What is HTTP Strict Transport Security?

HTTP Strict Transport Security, commonly referred to as HSTS, is a Web standard that aims to ensure all web resources off a domain are fetched over a secure transport layer. The core objective of HSTS is to protect users against passive and active network attacks. To this end, it prevents protocol downgrade attacks and blocks insecure click throughs.

From a configuration perspective, HSTS is an easy to deploy HTTP header. Its format is:

Strict-Transport-Security: max-age=31536000; includeSubDomains; preload

Unfortunately, many companies who have tried to deploy HSTS have experienced various challenges, some of which resulted in service outages.
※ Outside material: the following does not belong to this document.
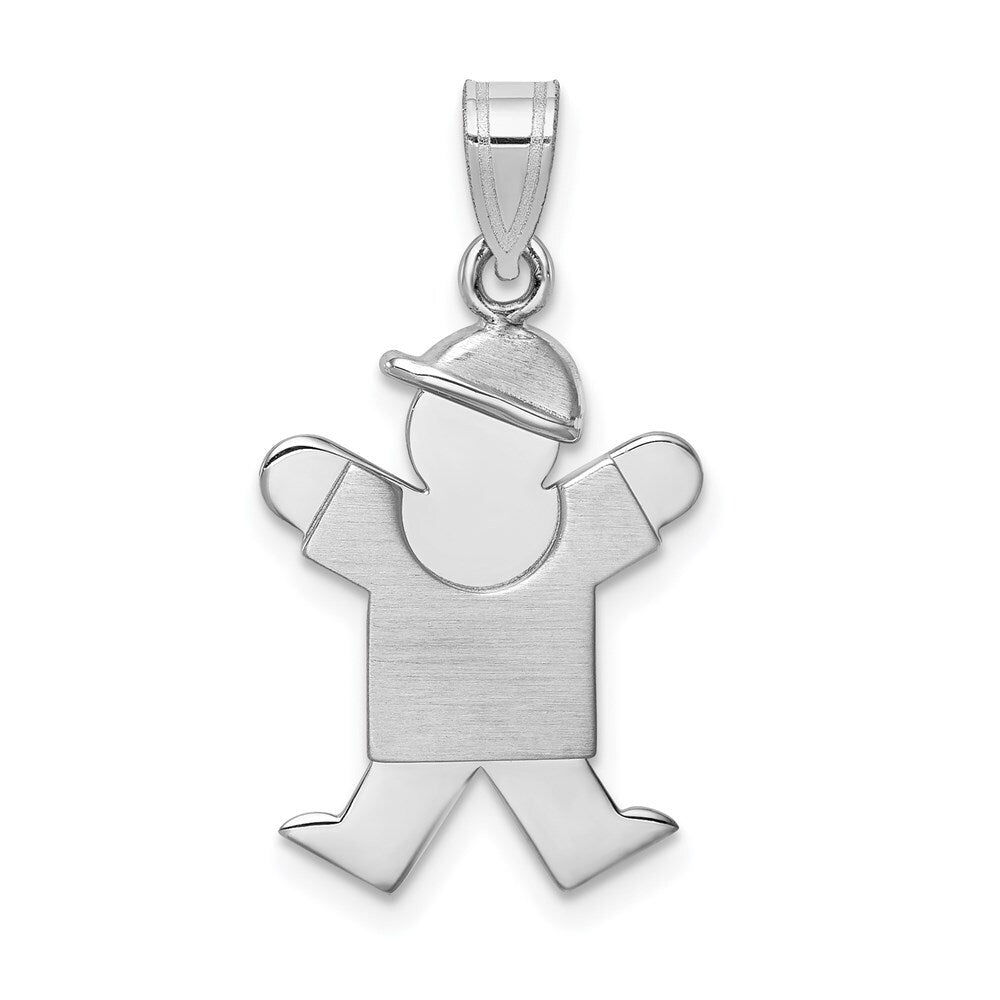 14k White Gold Small Boy Hat on Right Engravable Charm Pendant for Women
We recently deployed HSTS successfully at Yelp and would like to share what we’ve learned so that others can enjoy a quiet deployment.

Before we dive into how we deployed HSTS, let’s first explain the different components that go into making HSTS possible and how they work.

What is Transport Layer Security?

Most of the web today is built on top of HTTPS. The security of HTTPS depends on that of the Transport Layer Security (TLS) protocol. TLS is composed of two parts, the TLS Handshake protocol and the TLS Record protocol. The objective of TLS is to provide a secure channel between two communicating parties. Specifically, it provides confidentiality, integrity and authentication.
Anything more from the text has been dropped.